The first is John Nelson Darby, founder of the Plymouth Brethren Movement. Darby insisted biblical prophesies provided “a sure guide to human history—past, present, and future.” (GE, 27) After having founded the movement three decades earlier in England, Darby traveled across the Atlantic six times between 1859 and 1874 to spread his doctrine of biblical inerrancy and the imminent return of Christ to establish the millennial kingdom. Everywhere he went, and in his fifty-three volumes of writings, Darby broadcast his message that the Bible represented the inspired, authoritative, faithfully transmitted, and infallible word of God. If “the word of God alone remained as an invisible thread over the abyss,” Darby declared, “my soul would trust in it.”

continued
 
Speaking as a Catholic, It’s no secret the sexual abuse scandals have hurt church attendance. I understand why people would cease going, but I also get those who still have their faith regardless of the institution involved.
 
90% of Christians have not read the whole Bible.


Excerpt:

By the late 1920s, the first three points had become central to Fundamentalism. Thanks to sponsorship, over three million volumes were distributed free to clergy, laymen, missionaries, and libraries. The leaders of the movement founded the World's Christian Fundamentals
Association in 1919. The term "fundamentalism" was coined by Baptist editor Curtis Lee Laws in 1920 to designate Christians who were ready "to do battle royal for the fundamentals."

Much of the enthusiasm for mobilizing Fundamentalism came from Bible colleges, especially those modeled after the Moody Bible Institute in Chicago.

The Bible colleges prepared ministers who lacked college or seminary experience with intense study of the Bible, often using the Scofield Reference Bible of 1909, which had detailed notes explaining how to interpret Dispensationalist passages.
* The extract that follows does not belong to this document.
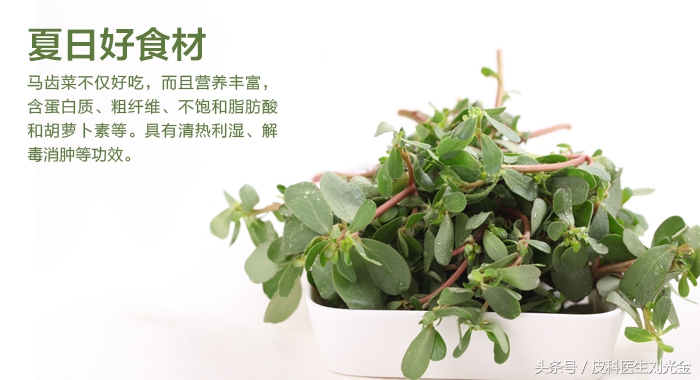 什么草有毒但能治皮肤病,农村常见的草都是治什么病的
The movement is associated with the 1925 Scopes Trial, which concerned the issue of evolution. It suffered a decline in the 1930s, but revived in the late 1940s.
 
Look at how Christians have to thought of a few Christian topics in this country:

- Abortion
-Gay rights
- “God” on our currency
- Saying “Happy Holidays” instead of “Merry Christmas”
- I’m sure there are others but I thought of these first.
You bring up a good point. Perhaps the problem is not secular America embracing all of the above, people see their fellow Christians embracing the same. For Catholics, we can divorce to the list. The words "disciple" and "discipline" come from the same root. Disciples of Christ should be following the disciplines of Christ. Divorce, abortion, loose sexual mores, nodding at Christ being removed from a Christian holiday, etc. are not Christian disciplines. If we re not following these disciplines, gathering in fellowship to worship is meaningless. Those not following the disciplines will be uncomfortable around those who do; those following the disciplines are going to feel hypocritical for not standing up and promoting the disciplines of Christ, insisting true discipleship comes with responsibilities. As Jesus pointed out, one cannot serve two Masters without coming to hate one of them. We have got to choose--secular or faith.

I mentioned earlier that Church attendance falling to the 25% remnant may not be all bad. We would then be a core group who actually stands for the beliefs and disciplines of our faith. Those who have been trying to serve two masters, who have been trying to go along to get along no longer weaken the whole.